The next morning, Uncle Ned drives the girls and their guest into town, determined to confront Jake Garbone about the theft of his gift to the girls. When they arrive at Garbone's shop, they find it has been locked up and cleared out — to all appearances, permanently closed. Franklin Starr asks to be dropped off at the train station, saying that he has important business to attend to, and using the excuse of his ongoing headaches making him poor company, which helps to blunt Uncle Ned's objections. The girls are suspicious of Franklin's behavior, given that when they first met him, he was walking to their home, and has no luggage with him to take on his trip to an unspecified destination. Franklin returns from the ticket counter with a ticket for a later train, but suddenly excuses himself when he spies a man leaving the waiting room; the girls instantly recognize the man as Jake Garbone, who boards the currently departing train before Franklin can catch him. The girls query Franklin, who, realizing that the man he recognized and knows by a different name is the suspected thief, Jake Garbone, pretends that he made a mistake, and didn't really know the man he had just been pursuing. Franklin says that he must take the next train so that he can meet with his lawyer. The Danas leave Franklin at the station and return home to pack.
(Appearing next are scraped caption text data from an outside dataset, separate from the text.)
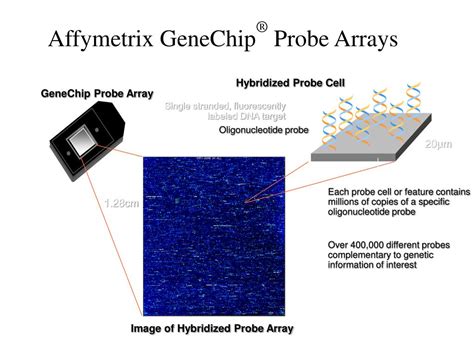 PPT - Lo w -Level Analysis of Affymetrix Data PowerPoint Presentation, free download - ID:1356103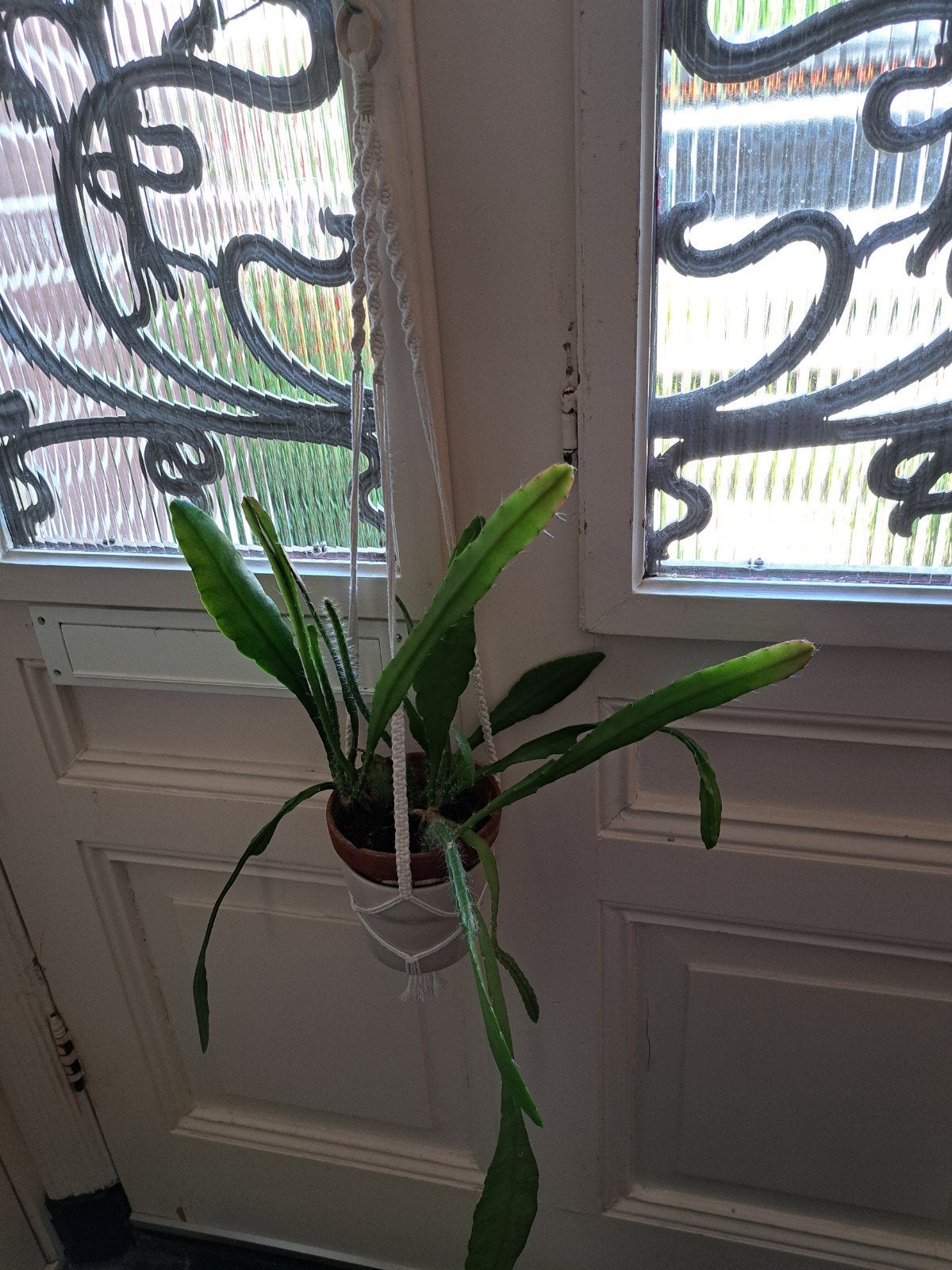 hangcactus in macramehanger, Ophalen, Halfschaduw, Minder dan 100 cm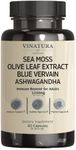 VINATURA Organic Sea Moss, Blue Vervain - with Black Seed Oil, Ashwagandha, Ginger, Burdock Root Capsules - 1250mg per Serving, *USA Made &Tested* Immune Booster for Adults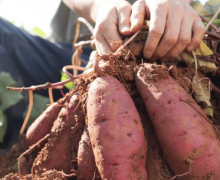A bunch of sweet potatoes.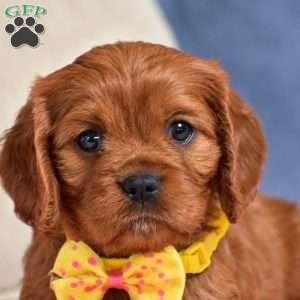 Fiona, Cavapoo Puppy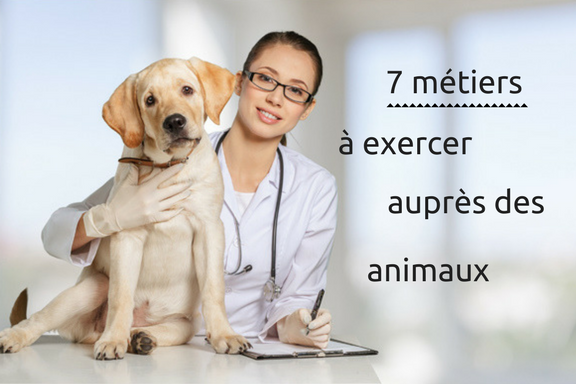 7 métiers de soin aux animaux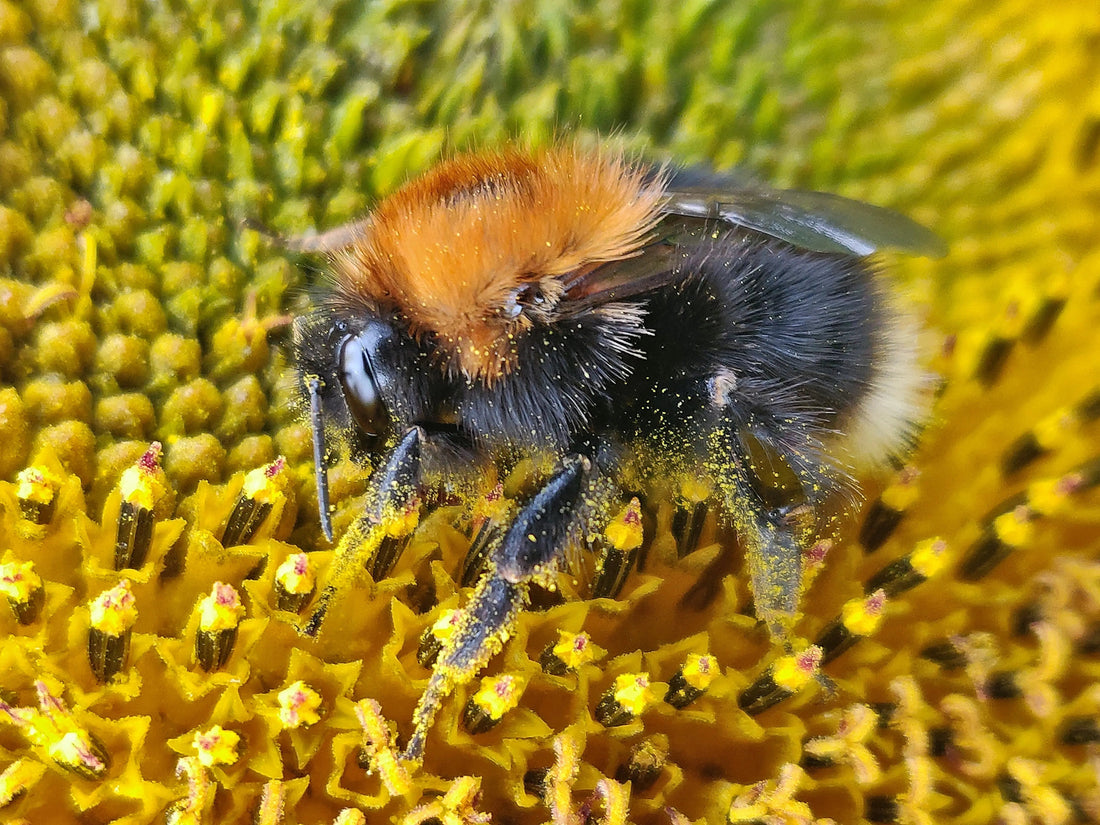 Ontdek de kracht van stuifmeel: de voordelen en toepassingen in bijenpollen - Honingwinkel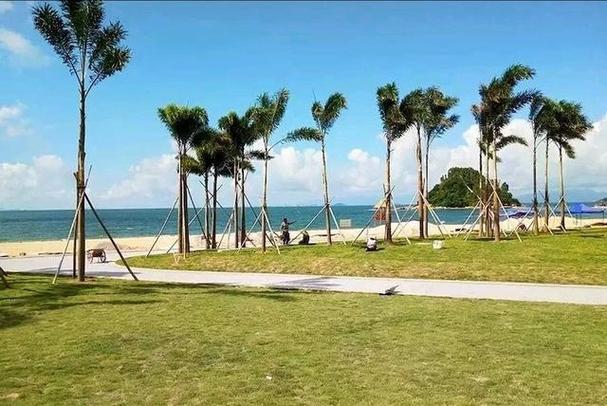 大亚湾繁华盛景,探寻热闹景点的魅力所在 第2张 大亚湾繁华盛景,探寻热闹景点的魅力所在 第2张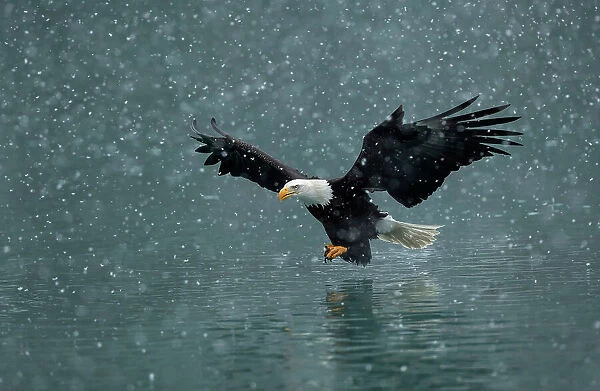 Bald eagle (Haliaeetus leucocephalus) flying over water in falling snow. Kachemak Bay, Alaska, USA. February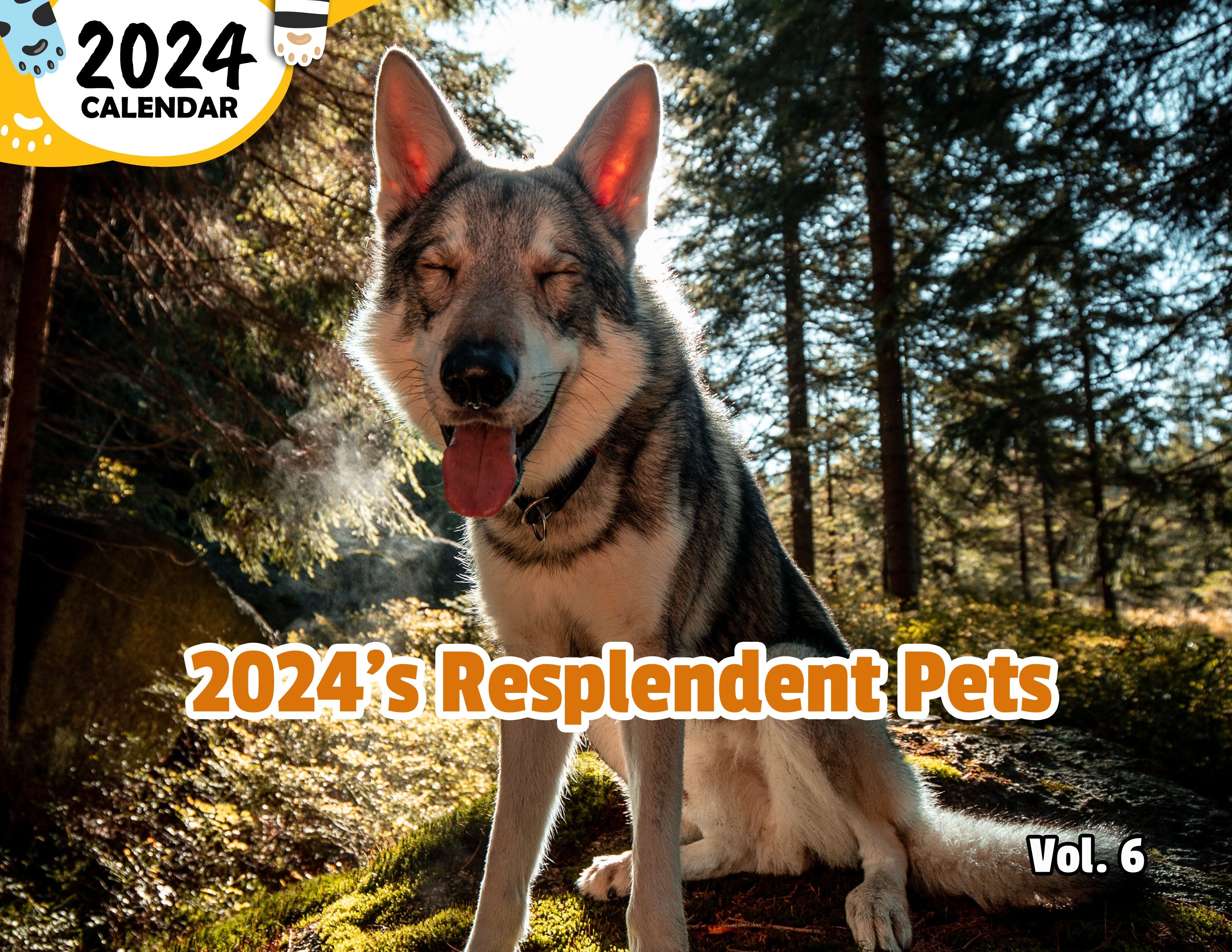 2024's Resplendent Pets Volume Six: 2024 Wall Calendar (Published)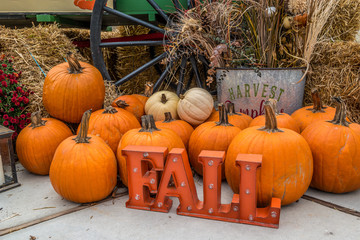 Fall display - Powered by Adobe
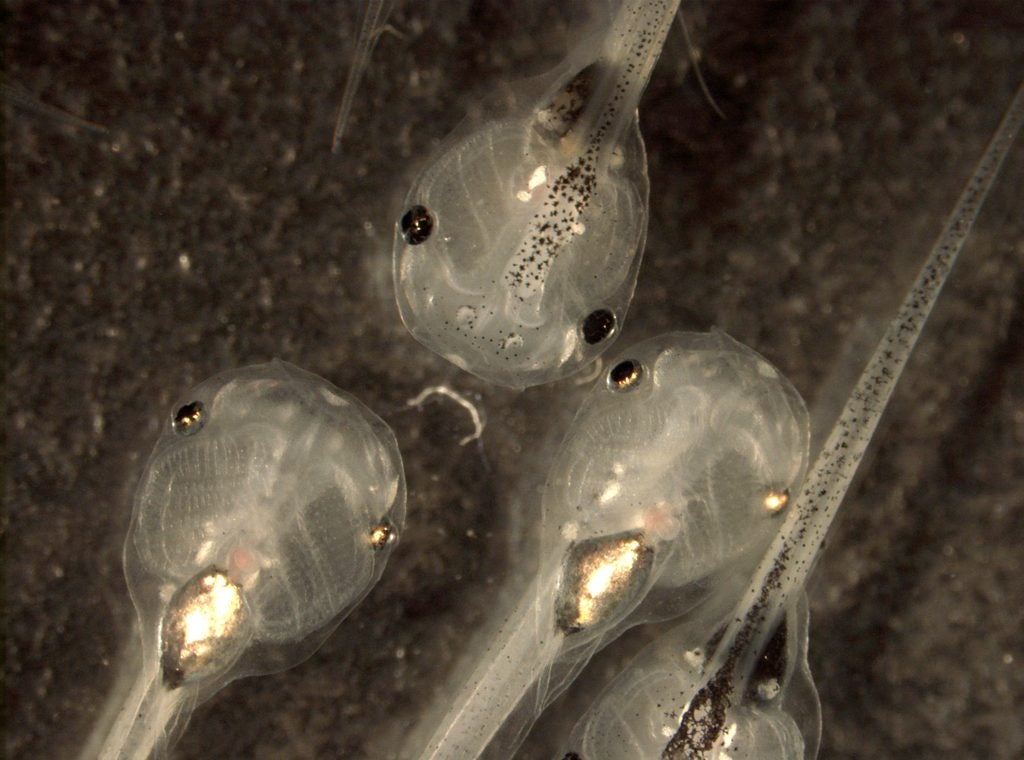 Three tadpoles are shown under a microscope. 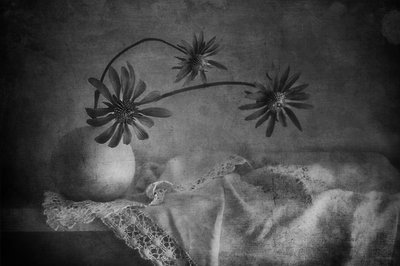 Dark Floral Still Life by Elena Arjona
Back at Starhurst school, the girls win the ire of rich girl Letitia Briggs, when they are awarded the nicest study in the school, the former Starr mansion library on the second floor. Lettie attempts to use the influence of her father's large fortune to persuade Mrs. Crandall to reassign the room to her, to no avail. They go into nearby Penfield antique stores, hoping to find a replacement lamp for their new study. By chance they encounter another antique lamp, alike in every detail. The girls seize the opportunity and buy the lamp, unaware that in doing so they have further alienated Lettie Briggs. They have also attracted the attention of a mysterious gypsy woman whom they will soon meet again — in the company of none other than Jake Garbone. Garbone and the gypsy woman are intent on regaining possession of the lamp, and Jake especially will stop at nothing to get it back. In the meantime, a strange handyman is found lurking repeatedly. As the girls try to solve the mystery of the lamp, they unearth little-known secrets about the history of their school and their schoolmate, Evelyn Starr, while staying one step ahead of their pursuers, and find the key to the missing Starr family jewels and a missing Starr sibling.

==Printings==

The book was originally orchid colored with green endpapers, and art deco silhouettes, with a four-color jacket featuring vignettes on the cover in apple green, lilac, black, and white. Printings through late 1936 had a frontispiece and three internal illustrations on glossy paper. Only the frontispiece was retained from 1937 forward. The jacket was later printed in turquoise, red, black and white, with the same illustration, and finally, the binding of the book changed to blue with maroon endpapers, to match the jacket. After 1943, the illustration was printed on plain paper. The series ceased printing in 1945 for four years.

The 1949 edition of the book featured a new cover in the full-color wrap style used on Nancy Drew, the Hardy Boys, and other Grosset and Dunlap series. The first four volumes of the Danas were reintroduced with new jacket art and frontispieces, but no spine symbols or numbering. The books were green with Jean and Louise illustrated on a haunted path at night on green endpages. The series drew interest again so subsequent volumes were updated and released, with spine symbols, until the publication of a new volume (already written and set for printing in 1945) in 1952; new volumes were released once a year.

In 1962, the Dana Girls switched to cream or beige spined picture covers, and went out of print in late 1968. By the Light of the Study Lamp was allowed to go out of print at that time.